Minnesota state senator's burglary arrest puts private family drama in the election year spotlight

On a typical Wednesday, Sen. Nicole Mitchell would be at the Capitol conducting the business of the state. But this week, police caught her allegedly sneaking into someone else's home, dressed head to toe in black like some sort of "Scooby-Doo" villain.

The first-term Democrat made her first court appearance remotely Tuesday, on a charge of first-degree burglary, generating headlines that are the stuff of election year dreams and nightmares. Her absence on Wednesday rippled across the Capitol, as the Senate DFL canceled a scheduled hearing and held only a brief floor session.

In the wake of the arrest, her constituents in Woodbury and her colleagues in St. Paul tried to understand what just happened.

If you ask Detroit Lakes police — the ones who answered a call for help in the predawn darkness on Monday — what happened was a 49-year-old woman broke into her stepmother's home, dressed all in black, wielding a flashlight wrapped in a black sock as an improvised dimmer. Inside a backpack that wedged open a basement window were two laptops, including one that appeared to belong to her stepmother.

If you ask Mitchell — or read the police report or her account on Facebook — you get a glimpse of a family tragedy, thrust into the political spotlight.

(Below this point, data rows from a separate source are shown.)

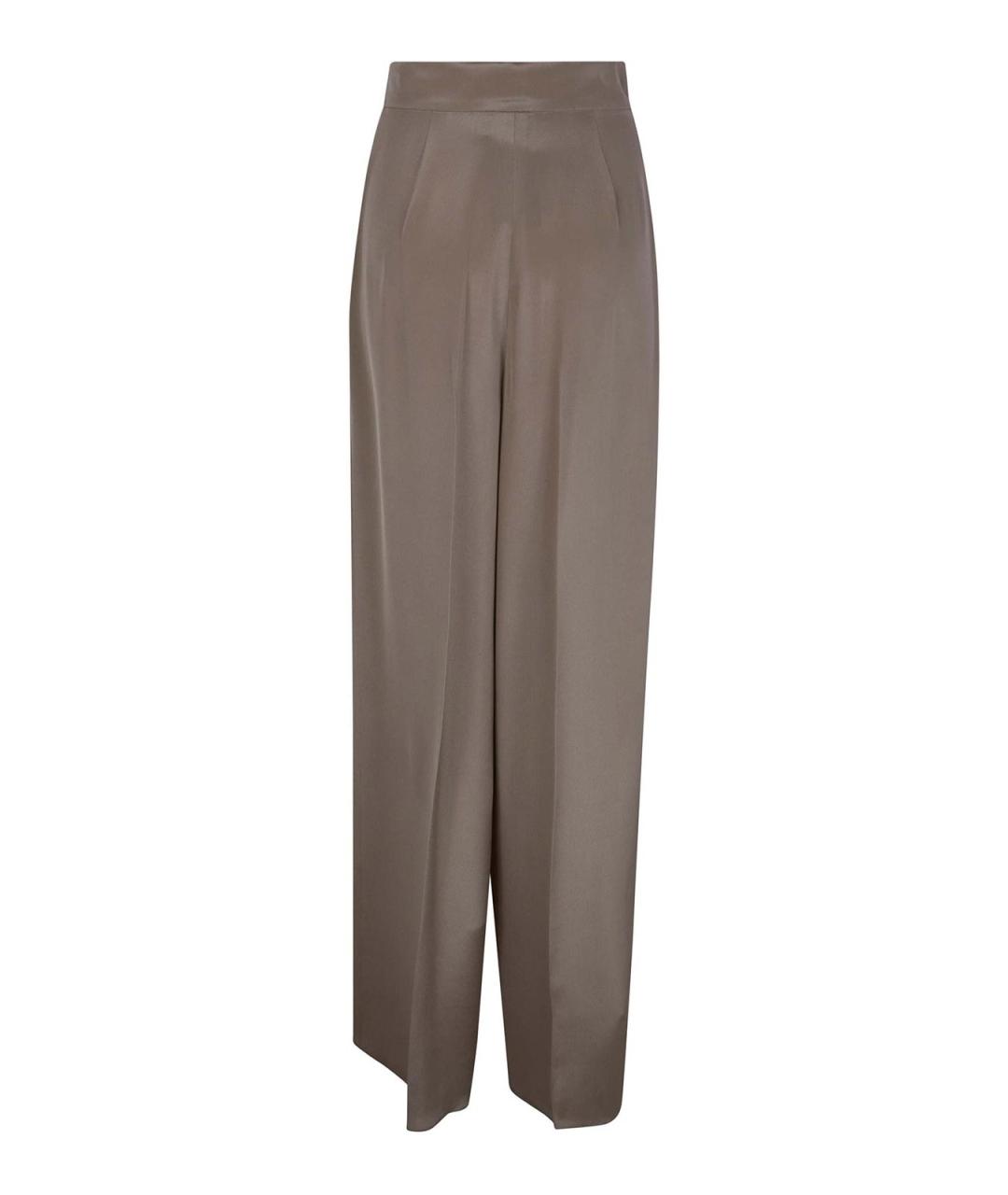 MAX MARA Бежевые шелковые брюки широкие, фото 2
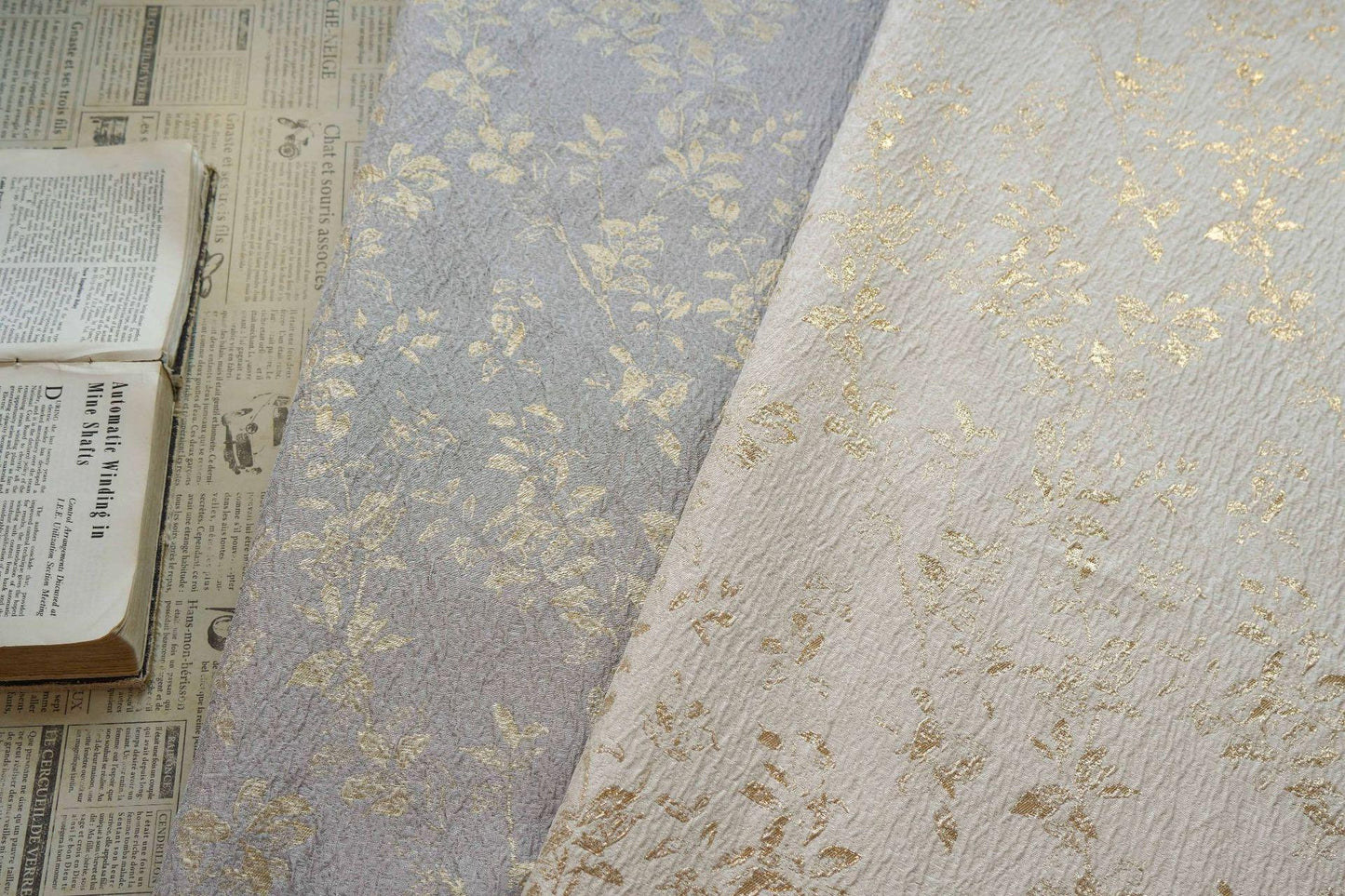 Ivory Gold 3D Embossed Floral Jacquard Fabric, Crinkle Texture Metallic Thread Fabric for Dresses, Bridal, Home Decor by the Yard, 55"Wide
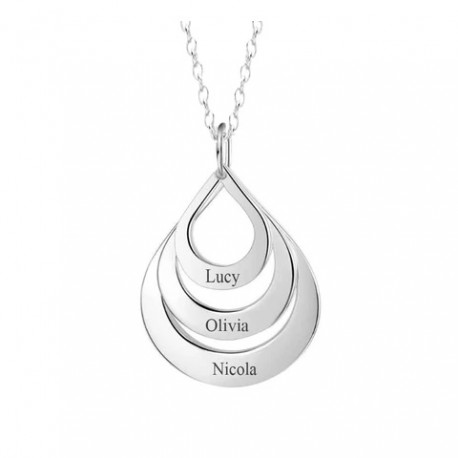 Srebrna verižica " Solzice z gravuro 3x"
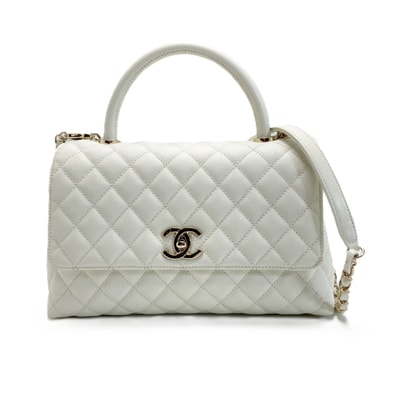 CHANEL シャネル ココハンドル29 マトラッセ A92991 ホワイト 2WAYバッグ キャビアスキン ココマーク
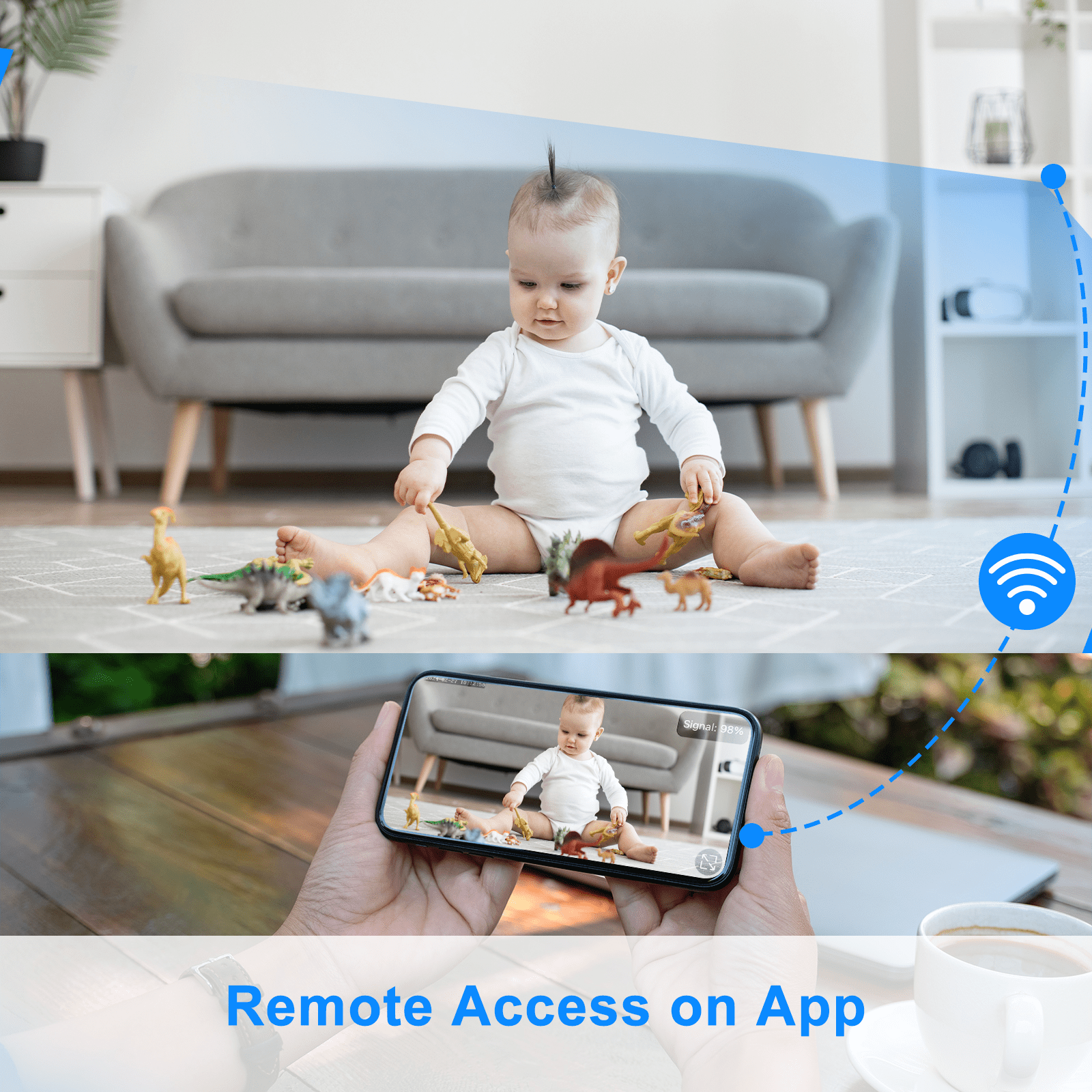 4K WiFi Camera Clock 5G Indoor Security Nanny Cam for Baby Monitor, Dog with Motion Detection, Night Vision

Last year she lost her father and her stepmother cut off contact. She came for her father's ashes, she said. She came for his old flannel shirt. She came to check on her stepmother's mental state.

We'll reserve judgment on what waking up to the sound of someone creeping around your house in the dark would do to anyone's mental state.

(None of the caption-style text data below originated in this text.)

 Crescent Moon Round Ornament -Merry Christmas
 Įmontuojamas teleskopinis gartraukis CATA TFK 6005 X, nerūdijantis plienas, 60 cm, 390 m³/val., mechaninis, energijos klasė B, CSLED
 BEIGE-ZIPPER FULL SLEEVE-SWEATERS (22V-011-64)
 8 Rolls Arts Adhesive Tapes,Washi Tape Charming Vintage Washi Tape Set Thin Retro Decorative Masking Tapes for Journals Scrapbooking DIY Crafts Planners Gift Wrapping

Most of Mitchell's colleagues seem to be reserving judgment as well.

Not all, of course. Democrats hold a one-vote majority in the Minnesota Senate and that one vote just got charged with a felony. Some Republicans are calling on Mitchell to resign or be ousted, even as the Republican presidential frontrunner goes on trial. Again.

We expect better from our elected officials. Family is complicated; this whole situation seems awful; and we don't have all the facts yet. So we wait, and hope this situation isn't exactly what it looks like.